Note that if you’re on Windows you cannot use the source command. Instead you will have to run the .bat file at ./envs/Scripts/activate.bat

So what happens when you activate the virtualenv? It’s very simple really, all it does is overriding your system’s PATH environment variable to point the python binary to this new envs/ folder.

You can test this in MacOS or Linux by typing which python before and after you activate your environment to see which binary the python command is using. When you’re done with your virtualenv you can simply type deactivate in your terminal to get back to the original state.

Virtualenv solved a very important problem with Python, it allowed developers to isolate their python dependencies on a project basis, and prevent the dependencies from leaking between projects. It’s a core tool in python development and every programmer or software engineer that touch python code should be aware of how to use it and how it works under the hood.

The truth of the matter though is that personally, I don’t really like virtualenv. I feel like it’s a bit of a hacky way to solve this kind of issue and I prefer the way NodeJS does things by allowing you to either install things globally, or locally with their package manager.

You probably ended up on this article by searching on this topic, and that by itself illustrates that it’s not as intuitive for developers as it should be, and especially not as intuitive as some other package managers for other languages.

My preferred way to handle this issue? With Docker containers!

Use Docker to isolate Python dependencies

Docker is my absolutely favorite tool that I’ve added to my arsenal the last few years. No matter what type of project I work on it comes handy and it has both improved my development environment, and my deployment process by a lot.

This article is not a in depth guide of Docker, but what is Docker used for? Its used to containerize your application which also allows you to run your application’s container side by side with other containers or applications, while keeping the code between the containers completely isolated from each other.

Each container can be thought of its own machine with its own OS and file system. What this means for us as Python developers, is that we don’t mind installing our packages “globally” anymore, because the container will only be used for our specific application. We will never run 2 different applications inside 1 container that might have different dependency requirements.

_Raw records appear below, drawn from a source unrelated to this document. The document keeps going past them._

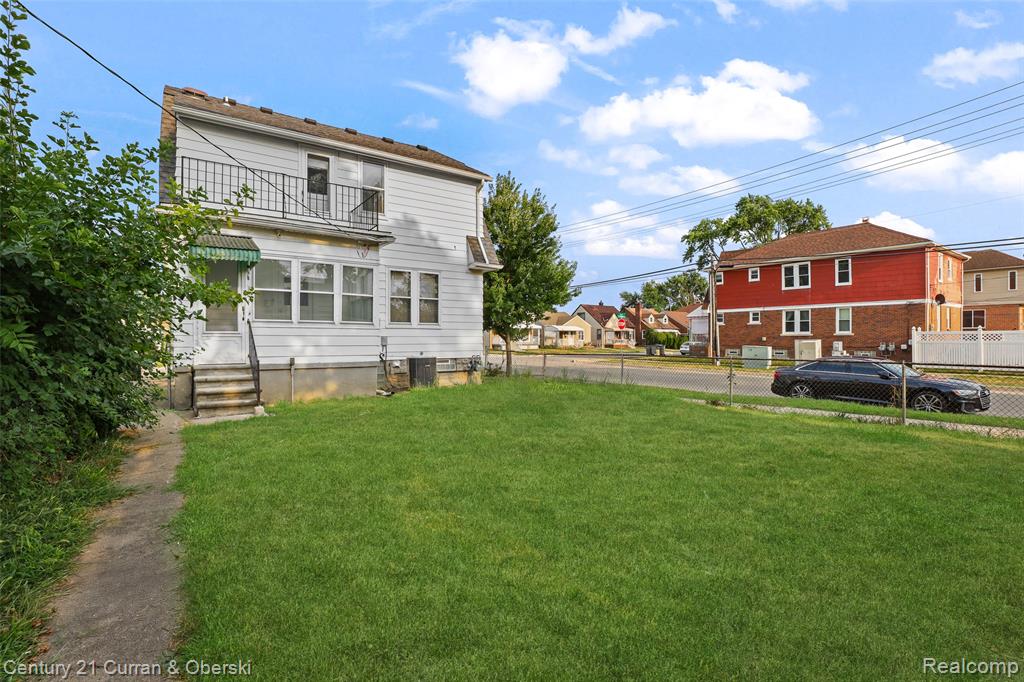 6401 Payne Avenue Property Photo 29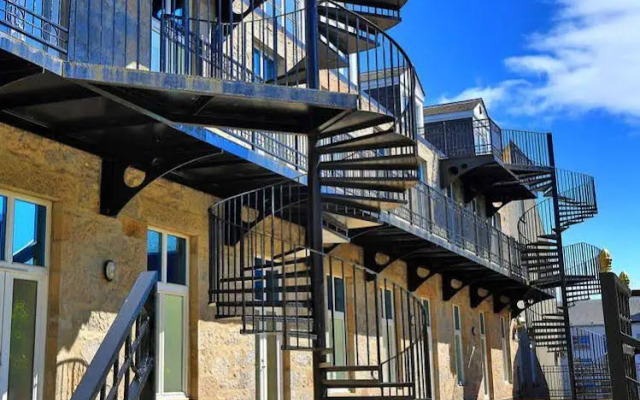 The Hansen Residence - The Galleria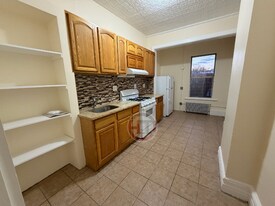 853 Van Nest Ave in Bronx, NY - Building Photo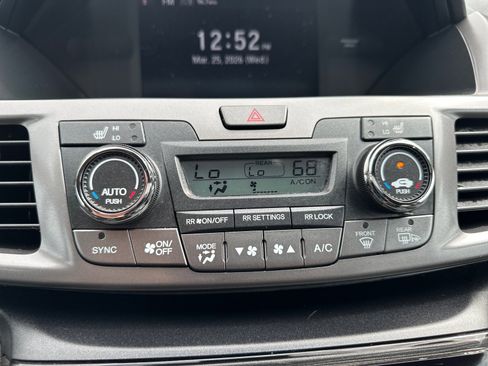 Used 2016 Honda Odyssey Touring Elite image 34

Remember what the goal of Virtualenv was? It was to isolate dependencies between different applications or projects. This is exactly what Containers allow you to do as well, but on an even larger scale than just having different python interpreters.

Should I use Docker and Virtualenv together?

One of my top answers on Stackoverflow has been on a question from a developer who’s asking if he should be using virtualenv inside his Docker image and container. This idea probably comes from that he is so used to using virtual environments in his Python project so that now when he’s transitioning to Docker he want to keep doing things the way he’s used to.

The question that he should ask himself though is why he wants to do this. What is the goal of Virtualenv and what is the goal of Containers? When you spend a few moments thinking about this you realize that the whole point of using virtualenv is already covered by using containers.

If you decide to use virtualenv to create a copy of the system interpreter within your Docker container, it will not achieve anything at all, the final result will be exactly the same as if you were not using it. The dependencies are just as much, or as little, isolated from other applications after you used it as before you did.

It will also complicate your code. Other developers might come to your project later and be confused of why it’s using “two layers” of dependency isolation. Keep things simple and stick to one of these options!

Personally I prefer the Docker way because I feel like it gives so much more value to me than just isolating python packages. I also feel like it’s a “non-hacky” way to solve this issue.